关于这个脚本,使用了分步查询,其中最大的外层查询,是在查询内层结果中的date2的数量与date1的数量的比值,内层查询则是对一个同样的表(这里也用了一个简单的分步,旨在去掉多余没用的数据)进行了自身的左连接,这里我们如果想要对一个同样的表进行自身的连接并且使用自身的字段时,可以加上别名加以区分,而连接的条件就是其中一个表的日期加一后和另一个表的相等,且设备id仍然相等,这样就得到了一个用户,连续两天刷题的匹配结果,而需要注意的是,左连接会保留左侧表和右侧表没有匹配的信息,因此我们使用date1的数量就可以获取到原表中所有的刷题信息,而右侧匹配到的就是有第二天刷题的信息,这样做比值,就可以得到我们想要的结果了。

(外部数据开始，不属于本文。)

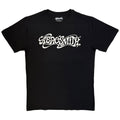 Aerosmith Band Logo Mono T Shirt product image 1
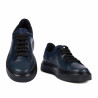 Chaussures de sport pour hommes 9003 indigo combiné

在这个问题中其实非常重要的一个问题就是:什么是用户的平均次日存留率?这个怎么计算是个问题,在题目中解释道:,这个是什么意思呢?我们在解决问题的时候一定要学会理解问题并简化问题,在某天刷题之后第二天还会来,其意思就是,针对于用户的每一条记录,在第二天还有这个人的刷题记录,并且这个第二天是一个相对的第二天,是一个相对概念,也就是说如果我连着刷题刷了三天:10号,11号,12号,那么11号相对于10号就是第二天,而12号相对于11号也是第二天,总体上这三天中存在两个第二天,这就让我们必须单独的看待每一天,然后找每一天的第二天,而不能在内心中存在12号是10号的第三天的想法,这种想法尽管首先上就是不对的,但是一些人在做题的时候内心还是隐约有这种顾虑,比如我,进而难以很好的理解这道题的意思,这道题的第二天就是指相对的第二天,我们必须要独立的来看待每一天,然后找到每一天的第二天,然后我们要求的概率,实际上就是所有的有第二天的信息所占的比例,也就是说所有有第二天记录的记录在所有记录中所占据的比例,如上边我举的例子,三天中有两天有第二天,而总共有三天,那么我第二天还来刷题的概率就是2/3,这三天之中。有两天拥有第二天,有一天不拥有,这个概率就是这样来的。

用户在某天刷题后第二天还会再来刷题的平均概率

解法二,用lead函数将同一个用户连续两天的记录拼接起来。先按用户分组,再按日期升序排序,再两两拼接(最后一个默认和null拼接),即。

partition by device_id
order by date
lead(date) over (partition by device_id order by date)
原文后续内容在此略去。